Therefore, since aneurysmal pathology shares the same pathogenetic mechanisms (increased oxidative stress and angiogenic processes, dysregulation of smooth muscle cells, and increased destruction of the extracellular matrix), it is easy to understand how damage to the endothelial glycocalyx is strictly correlated to aneurysmal pathology [21] (Figure 5).

3. Syndecans and Their Role in Disease: What Is the Role in Aortic Aneurysm?

Emerging evidence demonstrated the contribution of eGCX, with pleiotropic roles, in the onset and progression of cardiovascular diseases (CVD), aneurysm included.
eGCX dysfunction is characterized by its degradation and has been observed to occur in diverse CVD, such as AA [28]; therefore, circulating levels of related eGCX degradation products have been proposed as CVD biomarkers. In addition to their role as diagnostic biomarkers, some eGCX fragments act as pathogenic factors in disease progression, thus representing potential prognostic biomarkers, leading to the development of pharmacological interventions and potential strategies to attenuate eGCX degradation or restore its integrity, maintaining endothelial health into adult life (Figure 6).
Among the eGCX degradation products, the syndecans (SDCs) and heparan sulfate proteoglycans (HSPGs) have attracted the attention of several researchers [29,30].
The components of the glycocalyx are glycoproteins with short acid oligosaccharides and terminal sialic acids (SAs), oligosaccharides and heparan sulfate proteoglycan (HSPGs), such as SDCs, and glycosaminoglycans (GAGs).
The SDCs family include four members, SDC-1, SDC-2, SDC-3, and SDC-4, consisting of a core protein modified by heparan sulfate (HS) chains.
Each SDC has defined expression patterns and functions in their respective target tissues. SDC3 is expressed in neuronal and musculoskeletal cells.
SDC-3 (N-SDC or neuronal SDC) is a transmembrane protein 442 amino acid long. Analysis of SDC-3 in experimental models of inflammation and AD showed that patients with AD overexpressed SDC-3, not only in the brain but also in the periphery. Consequently, SDC-3 could serve as a basis for the development of future AD diagnostics. Syndecans, core proteins of the endothelial glycocalyx, are a family composed of four cell surface proteoglycans (namely, syndecan-1, -2, -3, and -4).
Syndecans interact with a wide variety of molecules, including growth factors, cytokines, proteases, adhesion receptors, and extracellular matrix components, mainly via pendant glycosaminoglycans, such as heparine sulfate and chondroitin sulfate, which sequester and regulate the activity of heparin-binding growth factors, pro-inflammatory chemokines, and proteases [31,32].

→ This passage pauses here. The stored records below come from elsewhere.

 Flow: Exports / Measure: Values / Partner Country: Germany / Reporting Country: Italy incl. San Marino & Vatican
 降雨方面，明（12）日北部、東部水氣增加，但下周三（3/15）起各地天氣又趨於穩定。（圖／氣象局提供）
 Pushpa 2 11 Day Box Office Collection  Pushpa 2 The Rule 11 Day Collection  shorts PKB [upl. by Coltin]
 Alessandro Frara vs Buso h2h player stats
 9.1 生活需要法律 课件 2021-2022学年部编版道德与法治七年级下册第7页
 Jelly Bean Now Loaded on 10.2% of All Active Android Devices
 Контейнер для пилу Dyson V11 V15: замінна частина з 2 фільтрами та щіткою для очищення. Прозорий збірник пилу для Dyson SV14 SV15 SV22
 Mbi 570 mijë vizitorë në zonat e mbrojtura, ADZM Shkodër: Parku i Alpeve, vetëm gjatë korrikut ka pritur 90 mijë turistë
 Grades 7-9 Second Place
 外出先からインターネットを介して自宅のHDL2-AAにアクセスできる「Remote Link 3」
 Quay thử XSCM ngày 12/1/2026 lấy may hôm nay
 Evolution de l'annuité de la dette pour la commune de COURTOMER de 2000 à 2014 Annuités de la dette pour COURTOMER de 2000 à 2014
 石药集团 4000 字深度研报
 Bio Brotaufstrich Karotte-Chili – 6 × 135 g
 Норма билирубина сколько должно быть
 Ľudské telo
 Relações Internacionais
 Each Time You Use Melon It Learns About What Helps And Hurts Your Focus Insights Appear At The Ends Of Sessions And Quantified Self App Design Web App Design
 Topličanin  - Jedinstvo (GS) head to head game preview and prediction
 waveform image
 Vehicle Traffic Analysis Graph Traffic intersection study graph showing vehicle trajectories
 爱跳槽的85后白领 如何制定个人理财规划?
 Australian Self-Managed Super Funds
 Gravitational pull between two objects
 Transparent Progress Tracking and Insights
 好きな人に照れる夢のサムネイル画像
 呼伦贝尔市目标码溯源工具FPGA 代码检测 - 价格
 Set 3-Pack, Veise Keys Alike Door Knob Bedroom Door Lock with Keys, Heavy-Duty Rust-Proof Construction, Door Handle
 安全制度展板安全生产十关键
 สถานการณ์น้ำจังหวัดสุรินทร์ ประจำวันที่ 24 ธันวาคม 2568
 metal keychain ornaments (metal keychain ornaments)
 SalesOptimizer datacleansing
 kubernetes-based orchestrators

3.1. SDCs and Their Expression in Inflammatory Conditions

SDC expression depends on the release of growth factors and inflammatory molecules. It has been observed that SDC-1 mRNA levels increase in conditions of improved release of growth factors, such as platelet-derived growth factor (PDGF), FGF-2, and TGF-β. On the contrary, the SDC-1 levels appear reduced in the presence of factors that inhibit cell growth (e.g., IFN-γ).
Moreover, SDC-2 mRNA increases in response to TGF-β1 and IL-1β, while it decreases in response to IFN-γ, and remains stable in the presence of other growth factors [33].
SDC-4 synthesis is positively regulated by FGF-2, TGF-β1, and hypoxia-inducible factor-1 pathway and the p38 MAPK pathway. In the case of endothelial damage, an increased release of FGF-2 occurs and invokes increased cell migration and proliferation with the aim of repairing the damaged site.
However, it has been shown that the increased synthesis of SDC-1 downregulates SDC-4 synthesis by suppressing the ERK1/2 and p38 MAPK signaling pathways to ensure tissue homeostasis [34].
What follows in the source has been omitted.